In the following days, we water the plantings daily in the evening. warm water. We do not open the film for a long time. So we take care until full rooting and, even, until full adaptation in September. When caring for shrub cuttings, be sure to remove all dried and fallen leaves. Spray with fungicide every 10 days.

The timing of rooting cuttings in the country, even in one culture, is very different. With an average rooting time of roses of three weeks, some varieties give roots in a couple of weeks, while others take more than a month. Hydrangeas and mock oranges (jasmines) take root for about a month, curly honeysuckle ready in 10 days. In any case, it is better to keep the plants until September, even if lateral buds have already appeared for a long time.

Worse take root coniferous shrubs. Some breeds give seedlings in a season, while others need two to three seasons.

Summarizing everything, we can additionally say that a lot depends on weather conditions, so the success that came this year may not be repeated next.

Strawberry- sweet, tasty and useful berry, which is grown by each gardener on his site.

The most common and easiest way is propagation of strawberries.

Consider the features of propagation of garden strawberries with a mustache, how to choose the right bushes, root an outlet and transplant seedlings to a permanent place.

Sometimes gardeners try to simultaneously harvest from the bushes and use the same strawberry bushes for breeding. But this approach is not correct, the plants are quickly depleted, the strawberries give a smaller yield, start to hurt, the berries become worse in quality.

If you have strawberry bushes with good varietal qualities - make a choice, either you want to get a crop of berries, or a mustache for breeding.

If you think that you can take the mustache from the bushes after harvesting the berries, such seedlings will not be complete, since the plants have already spent most of the nutrients to get berries, the mustache will be weak. You can not force plants to work on two fronts, they will quickly exhaust their resource.

Video - Reproduction of strawberries with a mustache

To obtain high-quality strawberry beds, it is necessary to select uterine bushes - the key to proper reproduction.

To do this, in the first year of planting strawberries, all the whiskers are removed from all bushes, waiting for the harvest of berries.

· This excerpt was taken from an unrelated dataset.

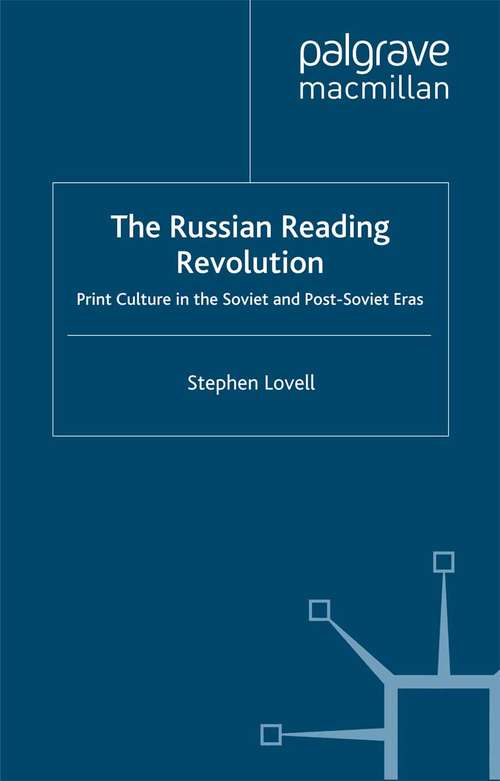 Book cover of The Russian Reading Revolution: Print Culture in the Soviet and Post-Soviet Eras (2000) (Studies in Russia and East Europe)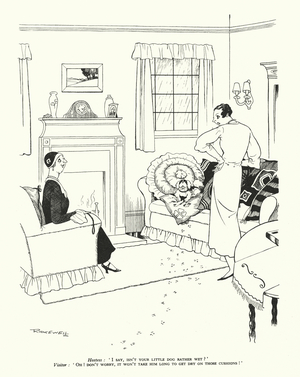 Hostess, "I say, isn't your little dog rather wet?" / Visitor, "Oh, don't worry, it won't take him long to get dry on those cushions!" (litho)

Of all the plants, they choose those that did not get sick, better tolerated the vagaries of the weather, with large berries of the same size.

Such bushes should be marked in various ways (with a stick, sticker, cloth), the main thing is to be visible. These are future mother bushes. In order not to get confused, you can plant such bushes on separate beds, according to the scheme 40 cm between the bushes and 80 cm between the rows.

On the next year prevent flowering on mother bushes, remove all buds. Plants will put all their strength into the development of mustaches. Already in June, the bushes will begin to give a mustache with rosettes. For breeding, leave only powerful and large mustaches, remove all others.

Most best option - leave one outlet closest to the mother bush. If there is a need for in large numbers seedlings, you can also use the second outlet.

When roots appear on sockets for further development there are two options:

First option, you can pin the outlet to the ground, water and care for it without cutting it off from the mother bush, like seedlings.

Second option considered the best, plant each outlet in a separate pot with soil, where the root system will develop before transplanting.

The transfer takes place with earthy clod without damage to the root system, plants quickly take root and take root in a new place.

2 weeks before transplanting to a new place, the mustache should be cut off from the mother bushes so that they get used to eating on their own. Plant plants in a new permanent place in July-August. Strawberry seedlings will have time to form and grow stronger before the first frost.

Within 2-3 years you will receive strawberry seedlings. Bushes 2-3 years of age give more whiskers than in the first year.

Video - Super way to propagate strawberries

It's so simple and reliable way breeding strawberries whiskers. We hope the article will be useful to you when cultivating strawberries in your area.

Good luck to you and big harvests strawberries!